CPUs are not very good at branching either - see all the effort being put towards getting branch prediction right - but they are way better at it than GPUs. The main appeal of GPGPU programming is, in my opinion, that if you can get the CPU to efficiently divide the larger problem into a lot of small, simple subtasks, you can achieve faster speeds.
You mentioned compilers. See a related example, for reference all the work Daniel Lemire has been doing on SIMD parsing: the algorithms he (co)invented are all highly specialized to the language, and highly nontrivial. Branchless programming requires an entirely different mindset/intuition than "traditional" programming, and I wouldn't expect the average programmer to come up with such novel ideas.
A GPU is a specialized tool that is useful for a particular purpose, not a silver bullet to magically speed up your code. Theree is a reason that we are using it for its current purposes.
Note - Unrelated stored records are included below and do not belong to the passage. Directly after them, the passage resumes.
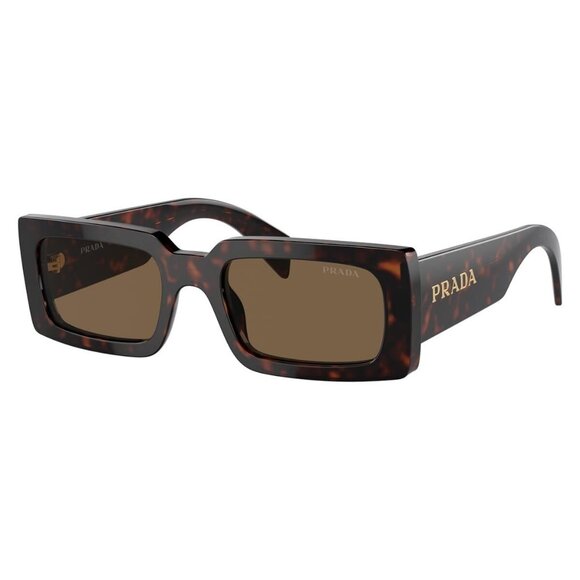 New PRADA Havana Polarised Rectangle SPR A07 16N-5Y1 Sunglasses Women - Picture 1 of 6
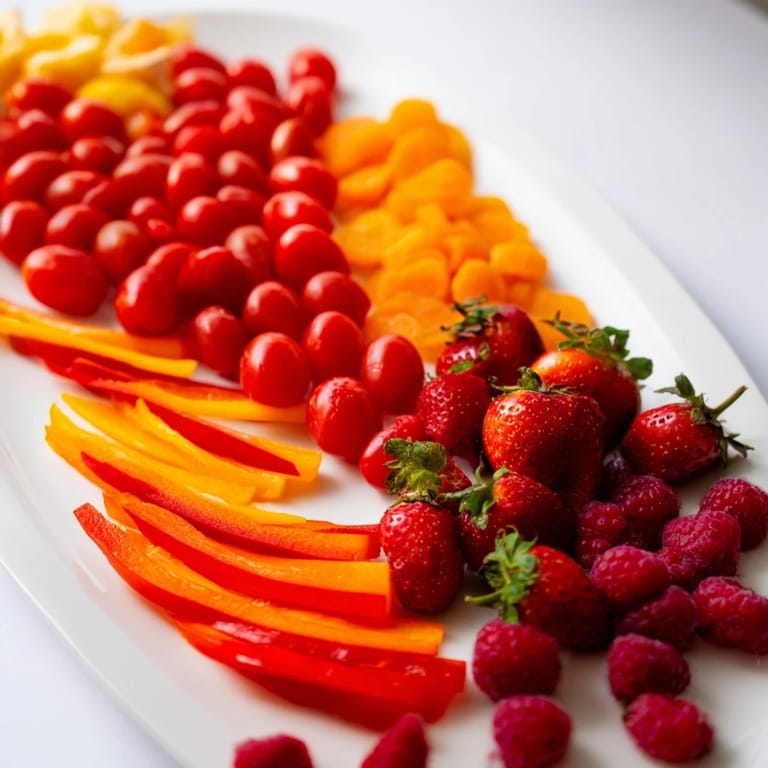 Fresh, vibrant Rainbow Pride Spectrum ingredients displayed: tomatoes, berries, and colorful bell pepper strips.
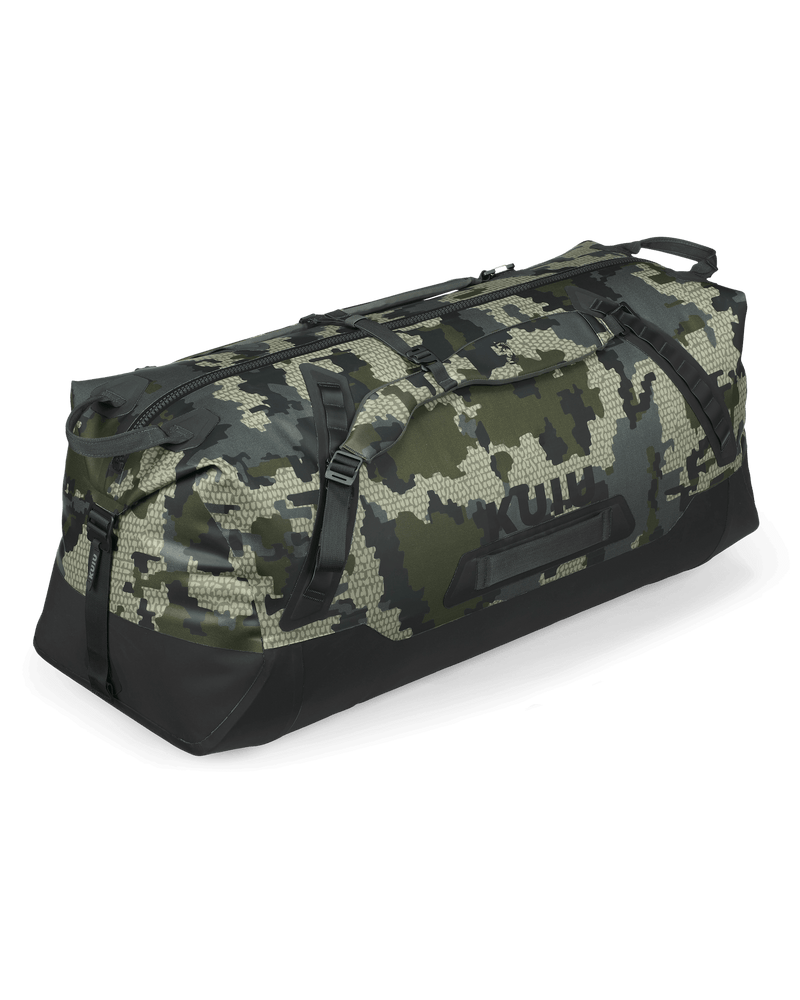 Front Angled Profile of Kodiak 6000 Submersible Duffel in Verde Camouflage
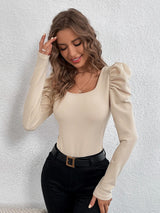 Fashion Square Collar Slim Knit Long Sleeve T-shirt
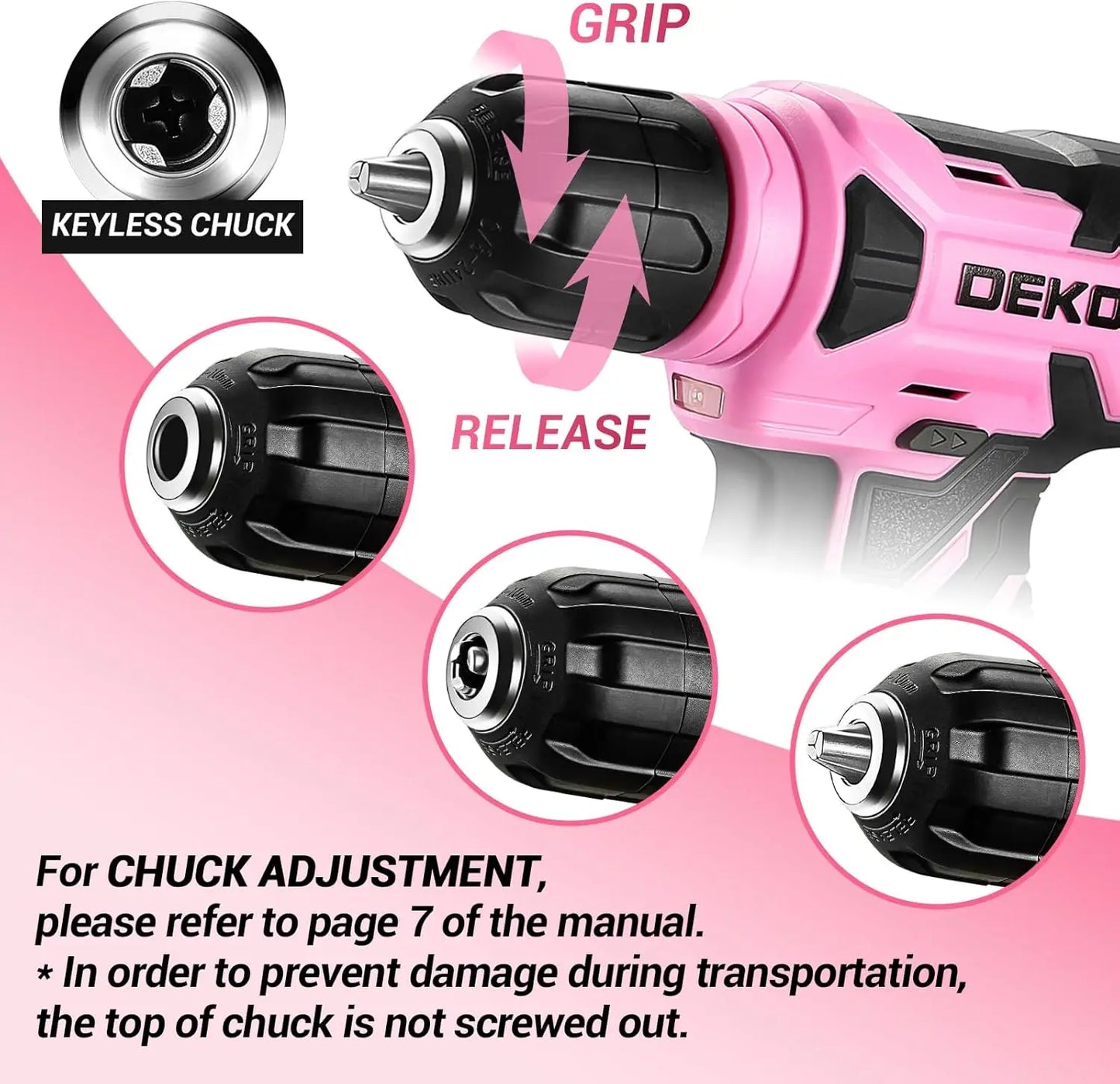 8V, 3/8" Pink Cordless Drill Set with Keyless Chuck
A big one is video encoding. It seems like GPUs would be ideal for it but in practice limitations in either the hardware or programming model make it hard to efficiently run on GPU shader cores. (GPUs usually include separate fixed-function video engines but these aren't programmable to support future codecs.)
Video encoding is done with fixed-function for power efficiency. A new popular codec like H26x codec appears every 5-10 years, there is no real need to support future ones.
Video encoding is two domains. And there's surprisingly little overlap between them.
You have your real time video encoding. This is video conferencing, live television broadcasts. This is done fixed-function not just for power efficiency, but also latency.
The second domain is encoding at rest. This is youtube, netflix, blu-ray, etc. This is usually done in software on the CPU for compression ratio efficiency.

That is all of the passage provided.